** Records to process follows **

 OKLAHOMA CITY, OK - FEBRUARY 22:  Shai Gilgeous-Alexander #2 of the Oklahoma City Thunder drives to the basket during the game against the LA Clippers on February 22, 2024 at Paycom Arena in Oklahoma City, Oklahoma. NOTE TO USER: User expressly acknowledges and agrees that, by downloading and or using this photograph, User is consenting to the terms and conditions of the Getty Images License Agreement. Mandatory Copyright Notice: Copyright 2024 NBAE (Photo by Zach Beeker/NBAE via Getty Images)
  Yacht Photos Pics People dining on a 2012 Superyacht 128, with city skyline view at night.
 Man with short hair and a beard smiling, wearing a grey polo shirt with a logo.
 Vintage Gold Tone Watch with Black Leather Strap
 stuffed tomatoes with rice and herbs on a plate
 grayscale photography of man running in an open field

** End of Records to process **
** Records to process follows **

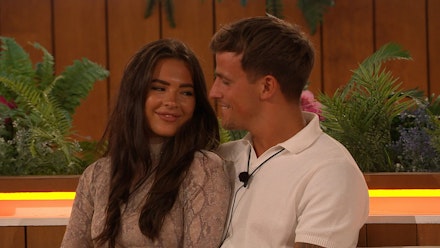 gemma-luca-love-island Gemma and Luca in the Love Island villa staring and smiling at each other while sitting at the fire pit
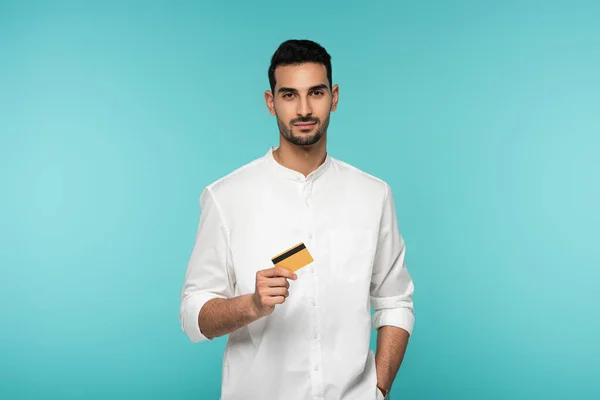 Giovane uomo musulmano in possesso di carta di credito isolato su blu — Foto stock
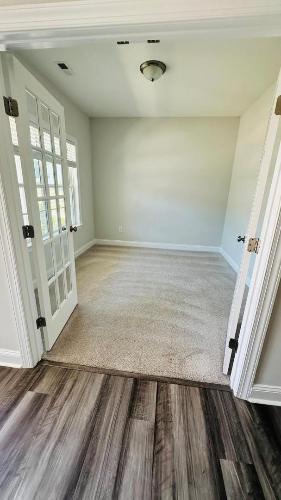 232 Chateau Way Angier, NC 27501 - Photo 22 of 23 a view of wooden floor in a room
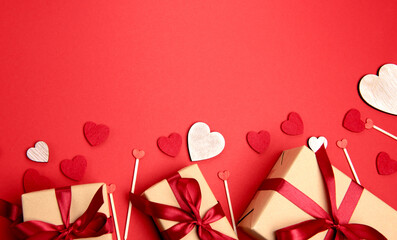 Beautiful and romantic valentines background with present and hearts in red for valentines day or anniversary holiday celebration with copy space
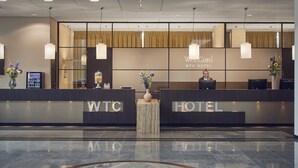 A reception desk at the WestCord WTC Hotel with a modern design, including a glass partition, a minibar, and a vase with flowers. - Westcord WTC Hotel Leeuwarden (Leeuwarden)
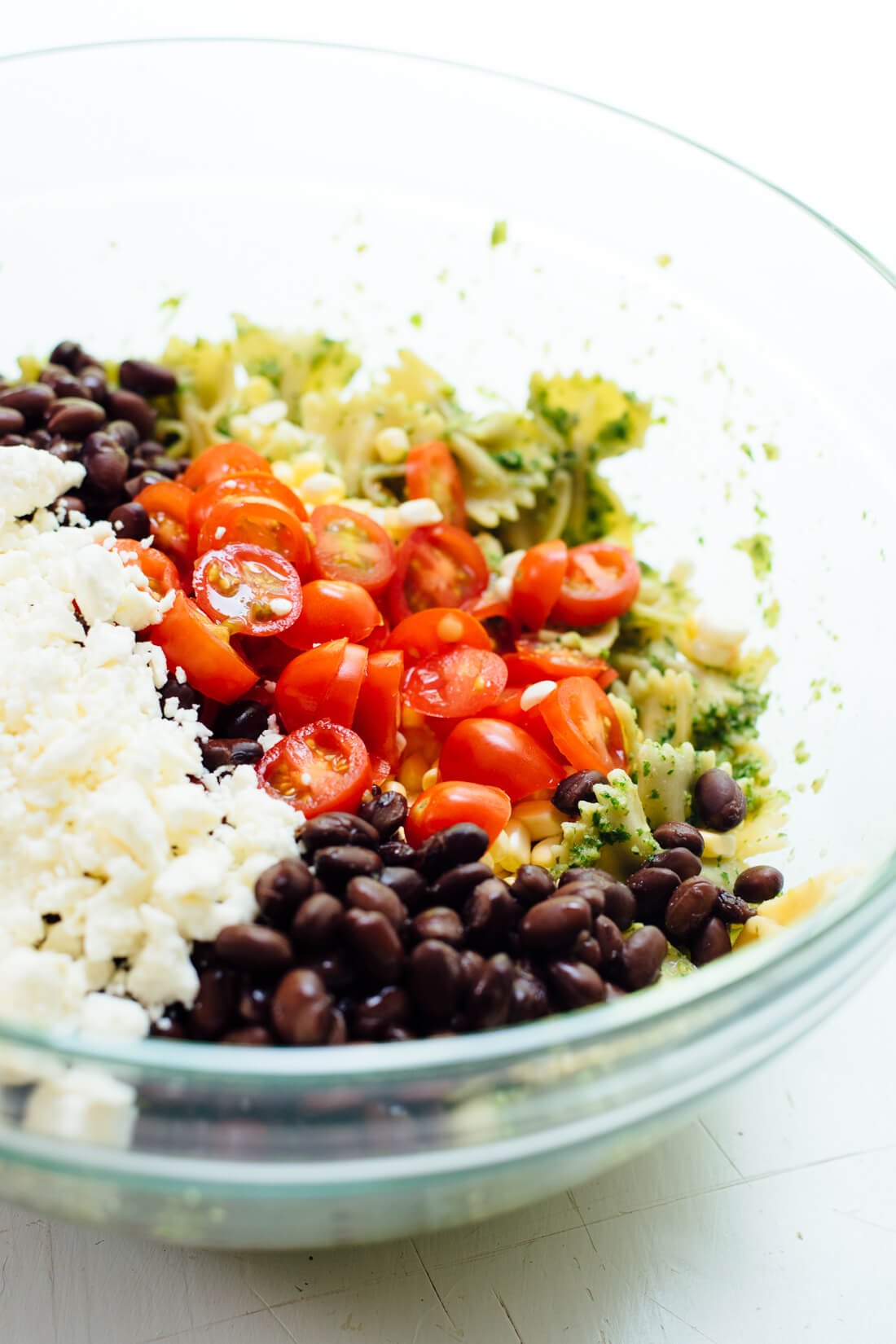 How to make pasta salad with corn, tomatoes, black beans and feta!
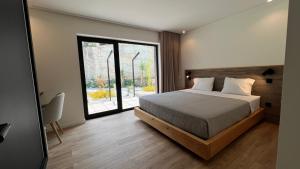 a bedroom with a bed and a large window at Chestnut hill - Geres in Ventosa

** End of Records to process **

- Aim of the exercise
Using only the listing above, restate exactly the lines from the line containing "OKLAHOMA CITY, OK - FEBRUARY" through the line containing "grayscale photography of", both included.

- Result of this task
 OKLAHOMA CITY, OK - FEBRUARY 22:  Shai Gilgeous-Alexander #2 of the Oklahoma City Thunder drives to the basket during the game against the LA Clippers on February 22, 2024 at Paycom Arena in Oklahoma City, Oklahoma. NOTE TO USER: User expressly acknowledges and agrees that, by downloading and or using this photograph, User is consenting to the terms and conditions of the Getty Images License Agreement. Mandatory Copyright Notice: Copyright 2024 NBAE (Photo by Zach Beeker/NBAE via Getty Images)
  Yacht Photos Pics People dining on a 2012 Superyacht 128, with city skyline view at night.
 Man with short hair and a beard smiling, wearing a grey polo shirt with a logo.
 Vintage Gold Tone Watch with Black Leather Strap
 stuffed tomatoes with rice and herbs on a plate
 grayscale photography of man running in an open field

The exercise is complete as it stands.